After approximately eight lifetimes of the Galapagos tortoise, Ben Moore is stepping down as managing director of the Seattle Repertory Theatre, and his successor has been announced—Jeffrey Herrmann, who's been the managing director of the Wooly Mammoth Theater in DC since 2007 and has taught in the performing arts department at American University.

He also served as the producing director of the Perseverance Theatre in Juneau, Alaska after earning his MFA in Theater Management at the Yale School of Drama.

Broadwayworld.com reports that Herrmann "leaves behind a great artistic and financial legacy, having almost doubled Woolly's size during his time here in DC, spearheading the theatre's innovative Connectivity initiative, providing leadership for Woolly's 'Free the Beast!' campaign, and purchasing the theatre's building."

A Google search for "Jeffrey Herrmann" and "controversy" (that's called reporting!) turns up nothing more than webpages addressing Wooly Mammoth's decision to go ahead and present Mike Daisey's The Agony and the Ecstasy of Steve Jobs, even after the infamous retraction on This American Life. (It also turns up a 2005 article about Perseverance Theatre's productions of Hedwig and the Angry Inch, an adaptation of Moby Dick with a female Ahab, and a Macbeth set in a Tlingit community.)

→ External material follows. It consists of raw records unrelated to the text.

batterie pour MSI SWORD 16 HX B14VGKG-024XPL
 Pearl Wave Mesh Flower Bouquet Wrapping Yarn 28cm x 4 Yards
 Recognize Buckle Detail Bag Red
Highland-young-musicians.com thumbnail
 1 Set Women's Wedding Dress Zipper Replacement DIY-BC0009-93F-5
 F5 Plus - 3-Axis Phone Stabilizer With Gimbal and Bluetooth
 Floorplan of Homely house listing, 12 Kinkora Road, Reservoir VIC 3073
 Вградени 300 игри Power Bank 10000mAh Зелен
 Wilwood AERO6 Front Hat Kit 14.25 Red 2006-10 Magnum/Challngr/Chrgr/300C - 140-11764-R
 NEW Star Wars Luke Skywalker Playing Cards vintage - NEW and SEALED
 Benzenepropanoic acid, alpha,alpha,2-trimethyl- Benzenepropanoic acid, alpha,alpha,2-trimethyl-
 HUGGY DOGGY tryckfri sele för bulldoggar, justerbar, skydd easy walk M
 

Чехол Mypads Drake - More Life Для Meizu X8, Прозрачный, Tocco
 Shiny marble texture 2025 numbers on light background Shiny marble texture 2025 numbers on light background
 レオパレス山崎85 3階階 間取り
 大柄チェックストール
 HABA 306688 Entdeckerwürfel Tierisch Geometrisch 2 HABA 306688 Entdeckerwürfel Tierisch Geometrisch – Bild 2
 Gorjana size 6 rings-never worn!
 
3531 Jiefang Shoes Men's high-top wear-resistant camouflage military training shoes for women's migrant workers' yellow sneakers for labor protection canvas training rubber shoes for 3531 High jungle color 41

If you'd like to get to know Herrmann better, there's this Theater Communications Group report from 2009, about how theaters navigated the crisis of 2008, in which Herrmann is heavily featured. And Wier Harman of Town Hall, a steady-Eddie presence in Seattle's cultural world, says he's known Herrmann since grad school and thinks he'll be a great addition to Seattle's theater scene.

Which all sounds promising. Of course, the Seattle has a history of being a quick turnstile for arts administrators who come from other places: David Esbjornson at the Rep, Corey Pearlstein at ConWorks, Kate Whoriskey and Brian Colburn at Intiman, and so on. But let's not dwell on the past.

Welcome, Mr. Herrmann!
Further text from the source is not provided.